24 abril 2007

A busca

Ao entardecer, busco o aconchego de uma esplanada em qualquer café da baixa e também eu entardeço com a cidade, oculto na moldura do seu pulsar, envolvido na sua suave mistura de ruídos e perfumes. A azáfama das pessoas que passam, que correm, que compram, que se encontram, que se apartam, sugere a natureza da face social do sistema. Sugere ainda que fazes parte de um todo maior, um papel utilitário na grande representação colectiva, até que por fim, um dia, o pano desça.

Talvez seja por isso que algumas pessoas criam colónias de formigas, com os seus intrincados sistemas de túneis no interior de aquários (porventura mais apropriados a peixes). Cada colónia não é mais que um todo organizado que proíbe a iniciativa individual, totalmente orientado para um único objectivo colectivo: a subsistência da mesma.

E o sujeito deleita-se com a inebriante sensação de poder quartar a vida onde ela não existiria.
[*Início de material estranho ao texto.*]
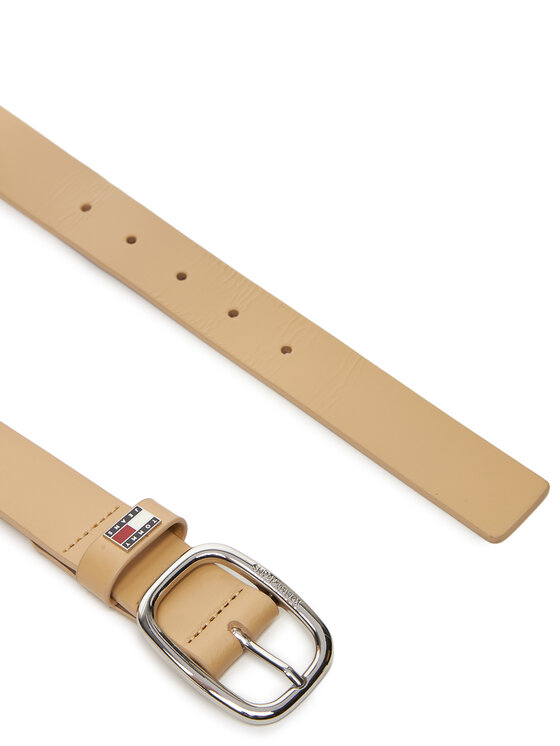 Tommy Jeans Tommy Jeans Ζώνη Γυναικεία Tjw Oval 3.0 AW0AW15836 Εκρού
Mas o nervoso miudinho que sente no ventre de cada vez que contempla a sua obra vem da recalcada percepção de que nele está também o poder de a destruir de um só golpe.

Estará este sujeito, inserido dentro da sua própria obra, imitando nela a sua própria existência, o seu papel utilitário, frustrado no seu desajustamento ou realizado numa confortável acomodação? Estará este sujeito, transcendente à sua própria obra, separado da sua própria existência, feito deus em si, desapontado com o real que nela ilustra ou alienado dessa perspectiva do real? Em qualquer dos casos o nervoso miudinho é sempre ânsia do impulso constante da destruição de si mesmo.

É por isso que eu prefiro a incessante busca. A busca não contrói representações temporárias de si. A busca humaniza-te. A busca leva-te sempre mais além do que o teu sonho julgaria adequado.

Atravesso-te doce Tejo. Atravesso depois montes de terra vermelha, testemunhas eternas de antigas batalhas à (vã) glória de nomes há muito esquecidos. Ao longe, vislumbro por fim o oceano...

Gosto de observar e escutar o mar. Mas será que há alguém que possa dizer que de facto compreende o mar eterno? Certamente que não. Do que eu gosto mesmo, é de ver e ouvir o mar directamente através dos sentidos, lá no mais profundo da minha alma, onde a própria compreensão já não tem sentido.

O mar consagra-te, pois se perante a sua vastidão e perenidade nada representas, qualquer uma das suas gotas de água viva te pertence quando a ele te entregas. O mar liberta-te. Nele podes escapar à escravidão e experimentar-te em toda a tua ilinearidade. Foi essa a água que um dia te fez e a ela também um dia retornarás. E cada amanhecer que separa esses dois momentos será para ti uma oportunidade de nela renasceres, retemperada.

A busca leva-te sempre mais além...

3 comentários:

Anónimo disse...

Aprecio muito o conceito de ilineriedade: Fora da linha mas em linha com o mundo e com o Universo, na busca do conhecimento intrínseco, interior, no centro das interrelações quer entre os homens, quer entre o homem e o que o rodeia: apenas as coisas, os objectos, as pessoas ou mesmo os conceitos e todas as relações possíveis entre estes (ou todos eles).

Nota: "a coisa, a ideia da coisa, a coisa em si" e o que dela fazemos ideia.

Gui

Unknown disse...

Meu Caro,

A Busca do nosso Caminho, da Verdade, as angustias da e na vivência de cada um são os elementos que nos fazem ser Pessoas, amantes de Deus, da Justiça, da Solidariedade.

Segue em frente nestes Percursos Individuais. Não te esqueças dos Outros.

Joffre

Anónimo disse...

A busca, fora da ontologia dramatúrgica da vida, da linha do fora e não fora da linha: linhas de fuga. O único aquário real está dentro das nossas cabeças, uma carapaça que simultaneamente nos protege e limita. A vacuicidade burocratizada desta humanidade é o seu definhamento, precisamos de mais arquitectos do mar, do fora infinito e do sonho esquecido.